Sunday, March 21, 2004

Tuberculosis: Plateau or Resurgence?

Only three months after OSHA cannned its tuberculosis standard, the Centers for Disease Control reports that tuberculosis cases are on the rise in California, Texas, New York and 16 other states. TB cases also rose by 5% in New York City.

Overall,
During 2003, a total of 14,871 tuberculosis (TB) cases (5.1 cases per 100,000 population) were reported in the United States, representing a 1.4% decrease in cases and a 1.9% decline in the rate from 2002. This decline is the smallest since 1992, when TB incidence peaked after a 7-year resurgence. In addition, the rate remains higher than the national interim goal of 3.5 cases per 100,000 population that was set for 2000
"We're not sure if this is just a plateau or a resurgence," said Dr. Eileen Schneider, an epidemiologist with the CDC's tuberculosis elimination division.

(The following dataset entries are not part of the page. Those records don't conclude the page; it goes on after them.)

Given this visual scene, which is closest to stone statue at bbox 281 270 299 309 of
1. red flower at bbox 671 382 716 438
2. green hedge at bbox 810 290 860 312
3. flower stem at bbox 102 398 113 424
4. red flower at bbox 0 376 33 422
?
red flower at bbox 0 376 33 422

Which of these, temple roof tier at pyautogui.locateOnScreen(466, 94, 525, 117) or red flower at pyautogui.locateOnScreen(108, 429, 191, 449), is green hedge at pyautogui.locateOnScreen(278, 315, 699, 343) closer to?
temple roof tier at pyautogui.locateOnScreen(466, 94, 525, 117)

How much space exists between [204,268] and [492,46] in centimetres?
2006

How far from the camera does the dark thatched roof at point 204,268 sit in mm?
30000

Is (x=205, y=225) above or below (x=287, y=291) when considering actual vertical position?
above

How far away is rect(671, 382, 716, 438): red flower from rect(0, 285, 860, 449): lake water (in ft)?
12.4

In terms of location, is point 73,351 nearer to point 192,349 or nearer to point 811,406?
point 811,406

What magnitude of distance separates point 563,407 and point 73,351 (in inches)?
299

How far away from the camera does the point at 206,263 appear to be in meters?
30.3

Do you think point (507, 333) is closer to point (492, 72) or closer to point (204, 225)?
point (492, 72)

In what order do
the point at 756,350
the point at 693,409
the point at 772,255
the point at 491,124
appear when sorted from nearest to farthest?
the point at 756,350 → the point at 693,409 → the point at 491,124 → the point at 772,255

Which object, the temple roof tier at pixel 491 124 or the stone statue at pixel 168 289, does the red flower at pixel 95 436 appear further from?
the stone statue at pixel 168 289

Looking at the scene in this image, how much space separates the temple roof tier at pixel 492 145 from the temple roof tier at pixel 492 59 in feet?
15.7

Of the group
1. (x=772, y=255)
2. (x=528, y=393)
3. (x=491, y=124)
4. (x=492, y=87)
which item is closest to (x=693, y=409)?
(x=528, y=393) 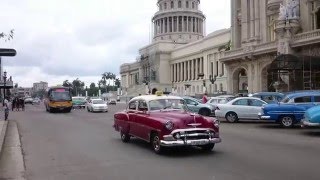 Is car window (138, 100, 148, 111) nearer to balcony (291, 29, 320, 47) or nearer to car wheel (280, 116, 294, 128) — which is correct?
car wheel (280, 116, 294, 128)

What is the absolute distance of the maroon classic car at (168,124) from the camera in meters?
12.0

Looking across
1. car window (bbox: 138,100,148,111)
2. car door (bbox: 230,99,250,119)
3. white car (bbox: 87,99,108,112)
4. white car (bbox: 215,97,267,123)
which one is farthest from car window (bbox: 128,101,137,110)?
white car (bbox: 87,99,108,112)

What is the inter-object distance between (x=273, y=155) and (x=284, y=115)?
393 inches

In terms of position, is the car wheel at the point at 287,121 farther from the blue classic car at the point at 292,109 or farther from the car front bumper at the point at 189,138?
the car front bumper at the point at 189,138

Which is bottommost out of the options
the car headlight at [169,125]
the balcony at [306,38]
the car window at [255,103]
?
the car headlight at [169,125]

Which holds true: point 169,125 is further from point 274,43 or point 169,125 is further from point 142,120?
point 274,43

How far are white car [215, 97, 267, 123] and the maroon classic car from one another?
12092mm

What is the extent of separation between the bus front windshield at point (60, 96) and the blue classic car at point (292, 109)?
28214 mm

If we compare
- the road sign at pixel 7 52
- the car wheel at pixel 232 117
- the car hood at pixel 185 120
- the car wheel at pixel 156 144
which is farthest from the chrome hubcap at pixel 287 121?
the road sign at pixel 7 52

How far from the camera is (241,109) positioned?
2608 cm

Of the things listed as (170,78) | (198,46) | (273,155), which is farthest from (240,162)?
(170,78)

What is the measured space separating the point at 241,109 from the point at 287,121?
4766 mm

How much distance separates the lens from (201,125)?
12.2 metres

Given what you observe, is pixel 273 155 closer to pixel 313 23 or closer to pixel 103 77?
pixel 313 23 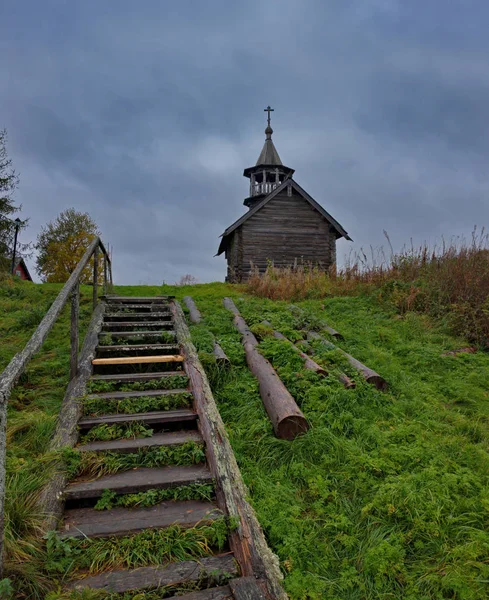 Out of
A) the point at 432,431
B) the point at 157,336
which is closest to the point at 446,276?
the point at 432,431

The trends are fueled a sharp jump in global tuberculosis cases and the US case increases are centered in states with highest number of immigrants, especially from Mexico, the Philippines, Vietnam, India, and China. Among infectious diseases, TB remains the second leading killer of adults in the world, with more than 2 million TB-related deaths each year.

Assistant Secretary for OSHA, John Henshaw announced last May that the administration had decided not to to issue the OSHA TB standard that the agency had been working on since the mid-1990's, despite the fact that the National Institute of Medicine had
concluded that an OSHA standard was needed to maintain national TB rates among health care and other employees at their current levels and to prevent future outbreaks of multidrug resistant and other forms of TB among these workers.
AFSCME, SEIU and a number of other unions petitioned OSHA for a Tuberculosis standard in 1993 in response to a nationwide outbreak of tuberculosis -- including multiple drug resistant TB -- that was exposing and killing health care and corrections workers. The standard was on the verge of being issued at the end of the Clinton administration, but because of OSHA's total focus on ergonomics, the curtain fell before the standard was finalized.

March 24 is World TB Day.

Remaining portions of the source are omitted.